The mechanisms through which yogurt help prevent type 2 diabetes are not quite clear. Dr. Salas presented two hypothesis:
- Yogurt affects satiety and contributes to lower adiposity, thus diabetes risk is lowered: Mechanisms related to this hypothesis are calcium content on yogurt, satiating protein, and live culture effects on health
- Yogurt increases insulin sensitivity and/or diminishes pancreatic secretion: Once again, calcium may play an important role (it favors insulin secretion and glucose uptake), bioactive peptides could affect incretin hormones, and bioactive fatty acids (odd chain fatty acids have been related to diabetes protection)
Taking into account the evidence on lower diabetes risk due to the benefits of yogurt and its consumption, Dr. Andrew Prentice simulated what would the impact be on UK’s health care expenditure if yogurt consumption increased from 4 teaspoons to one pot a day. His conservative estimations reached up to £2.3 billion savings over 25 years and, moreover, life quality would increase significantly. Thus, promotion of yogurt consumption might be a target for public health in order to diminish health costs associated to type 2 diabetes.

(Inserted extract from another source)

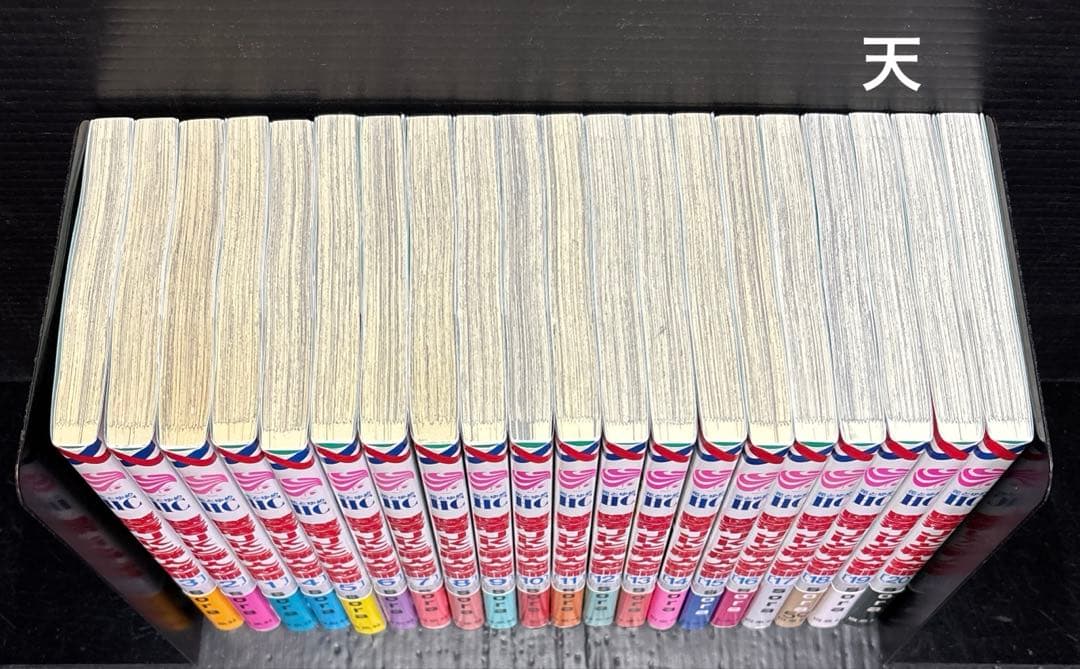 墜落JKと廃人教師 1-20巻 全巻 花とゆめ 付録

Finally, but not least, yogurt consumption may become part of our everyday diet. Constance Brown-Riggs RD, Azmina Govinji RD, and Megrette Fletcher helped us understand how yogurt may be a key food towards healthy life-styles and, along with mindful eating, contribute in our fight towards the obesity and diabetes epidemic. Right now, our concern is sugar content on several “healthy” products. Dr. Thomas Wolver proved to us that yogurt is a low glycemic index food, no matter if it is plain or sweetened. Therefore, yogurt benefits can be enjoyed without sacrificing taste.
What to remember?
As a conclusion, dairy products do not pose risk to our health. On the contrary dairy have many benefits, among which benefits of yogurt are being extensively studied. Dietary recommendations should include dairy regularly; yogurt, along with other fermented products, may be needing a special category in the future, due to the beneficial effects of live cultures in our diets. It is a fact that more studies, especially randomized double-blind controlled trials, are needed to deeply understand the mechanisms of yogurt in health and to be able to give more accurate recommendations. Meanwhile, one yogurt a day seems just perfect to everyone.